» Dataset
[Start of Attachment]
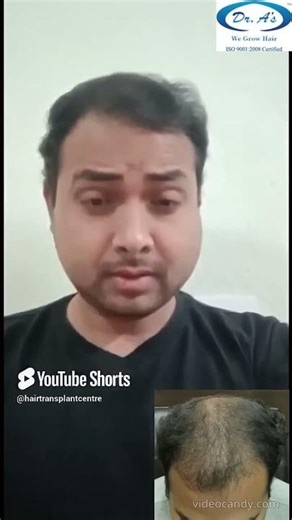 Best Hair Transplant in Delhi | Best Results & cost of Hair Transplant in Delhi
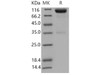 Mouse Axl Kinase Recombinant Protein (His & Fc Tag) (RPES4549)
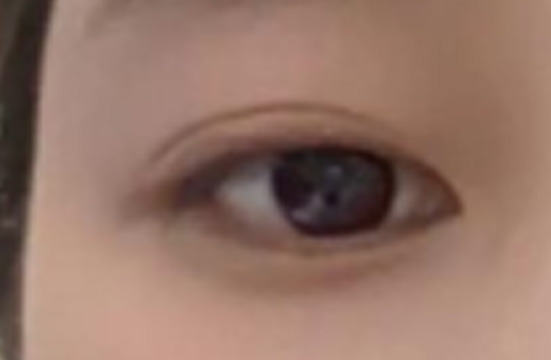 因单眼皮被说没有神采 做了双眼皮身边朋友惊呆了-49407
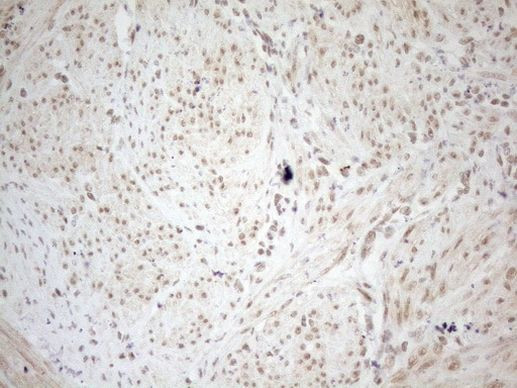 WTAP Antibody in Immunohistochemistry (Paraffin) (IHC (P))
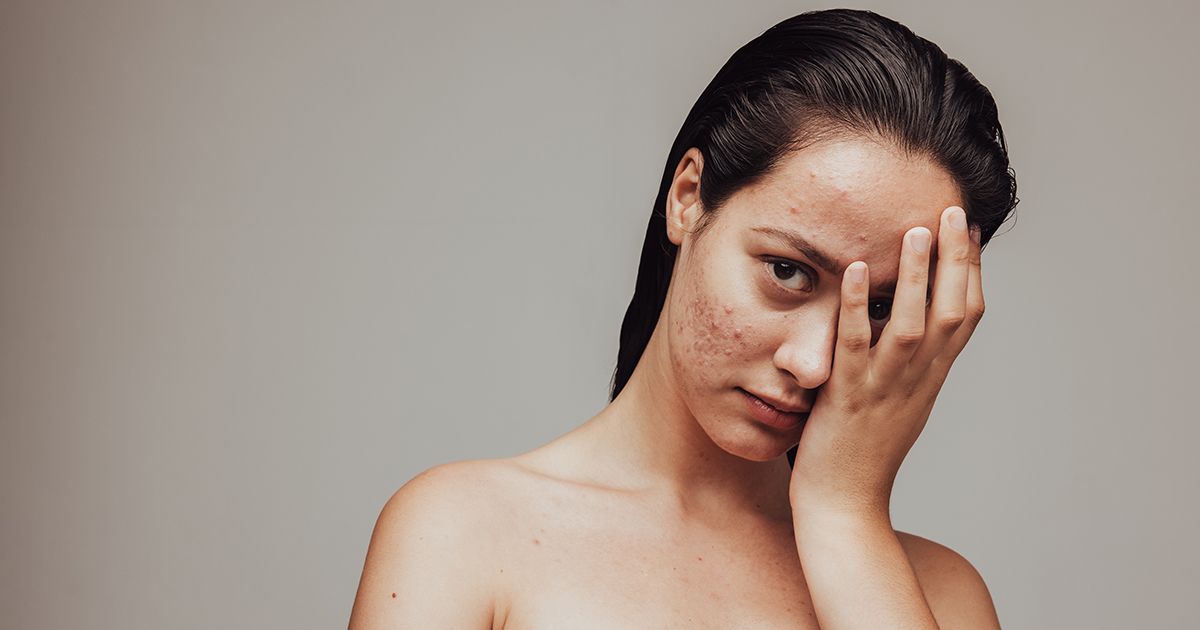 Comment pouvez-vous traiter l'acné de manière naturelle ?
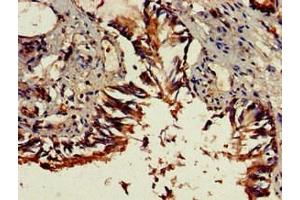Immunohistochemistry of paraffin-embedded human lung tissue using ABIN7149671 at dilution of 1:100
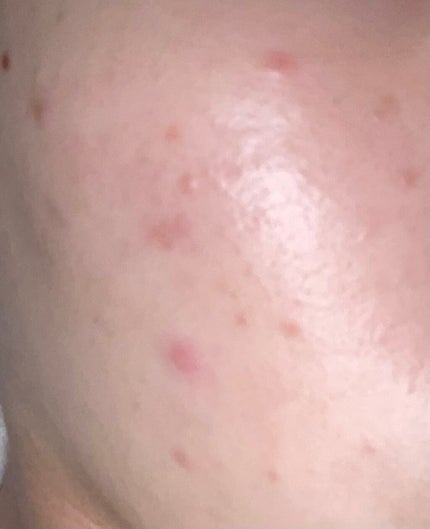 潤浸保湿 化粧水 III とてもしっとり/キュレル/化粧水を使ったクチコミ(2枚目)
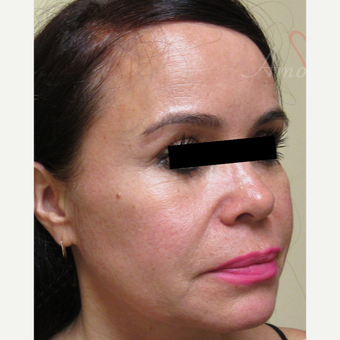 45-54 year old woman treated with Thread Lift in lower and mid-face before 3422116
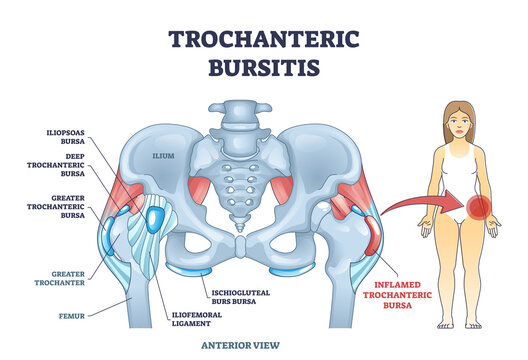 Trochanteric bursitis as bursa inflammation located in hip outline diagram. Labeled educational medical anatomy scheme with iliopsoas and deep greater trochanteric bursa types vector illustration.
[End of Attachment]
[Start of Attachment]
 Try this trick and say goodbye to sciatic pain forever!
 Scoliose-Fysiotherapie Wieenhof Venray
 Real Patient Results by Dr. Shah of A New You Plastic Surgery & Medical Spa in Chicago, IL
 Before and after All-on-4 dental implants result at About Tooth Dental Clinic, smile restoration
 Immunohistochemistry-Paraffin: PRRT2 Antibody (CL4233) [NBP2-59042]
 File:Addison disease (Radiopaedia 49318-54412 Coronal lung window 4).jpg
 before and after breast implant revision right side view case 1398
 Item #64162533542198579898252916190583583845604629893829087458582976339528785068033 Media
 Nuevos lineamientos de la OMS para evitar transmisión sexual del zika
[End of Attachment]
[Start of Attachment]
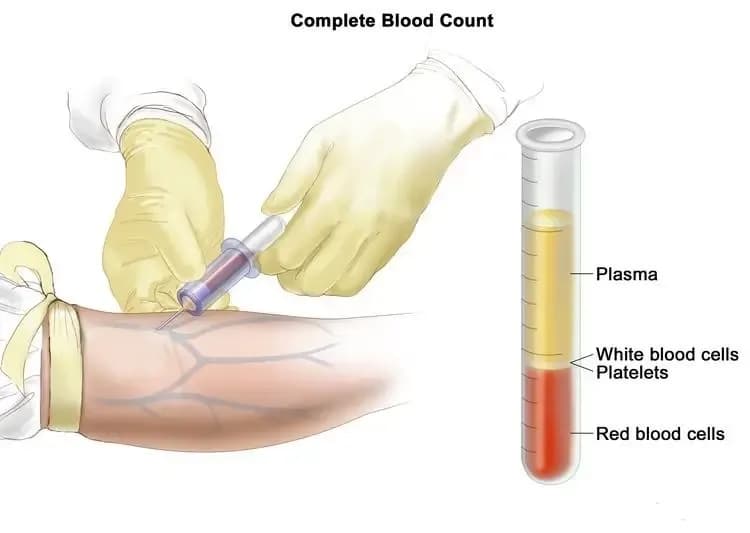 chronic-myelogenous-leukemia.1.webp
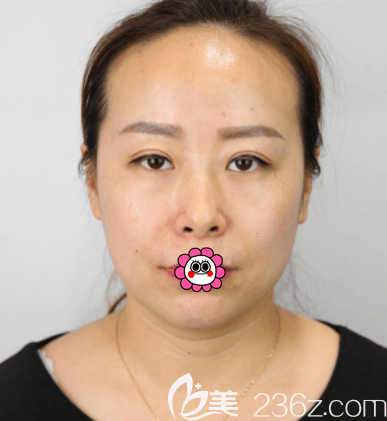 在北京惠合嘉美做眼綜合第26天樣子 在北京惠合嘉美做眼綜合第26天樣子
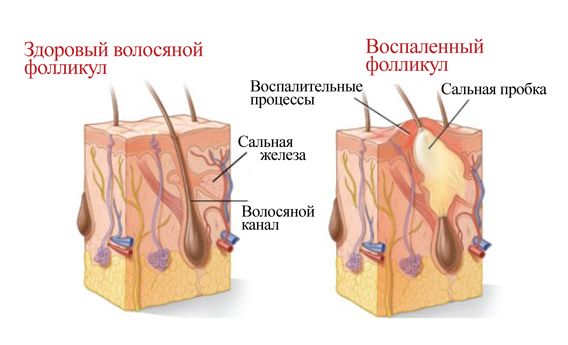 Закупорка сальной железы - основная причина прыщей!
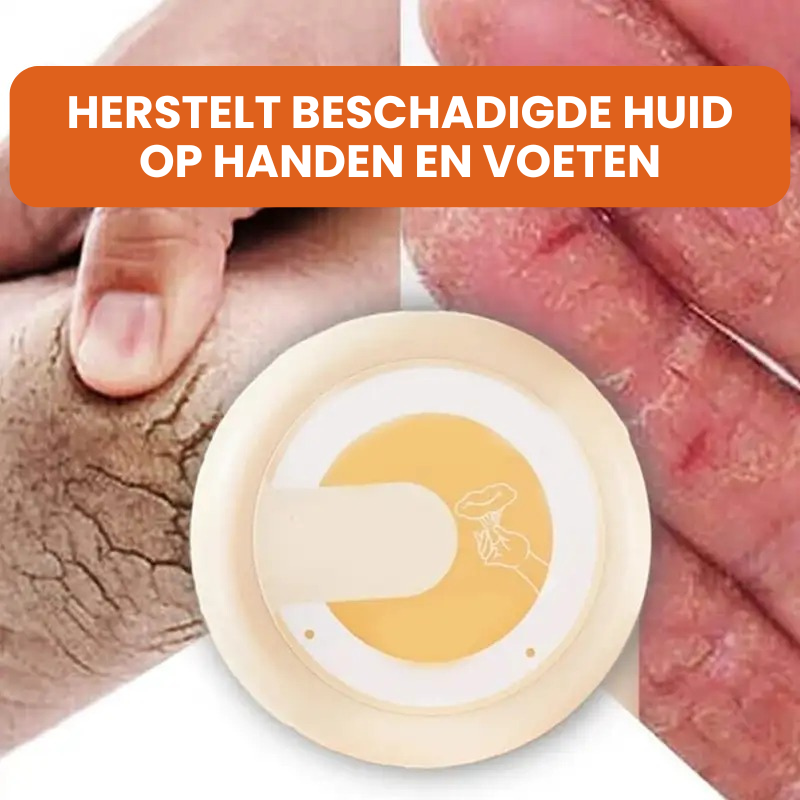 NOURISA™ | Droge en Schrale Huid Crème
[End of Attachment]
» Try it
From the data above, output only the lines between the line containing "Try this trick" and the line containing "Nuevos lineamientos de", inclusive, exactly as written.

» Answer to the problem
 Try this trick and say goodbye to sciatic pain forever!
 Scoliose-Fysiotherapie Wieenhof Venray
 Real Patient Results by Dr. Shah of A New You Plastic Surgery & Medical Spa in Chicago, IL
 Before and after All-on-4 dental implants result at About Tooth Dental Clinic, smile restoration
 Immunohistochemistry-Paraffin: PRRT2 Antibody (CL4233) [NBP2-59042]
 File:Addison disease (Radiopaedia 49318-54412 Coronal lung window 4).jpg
 before and after breast implant revision right side view case 1398
 Item #64162533542198579898252916190583583845604629893829087458582976339528785068033 Media
 Nuevos lineamientos de la OMS para evitar transmisión sexual del zika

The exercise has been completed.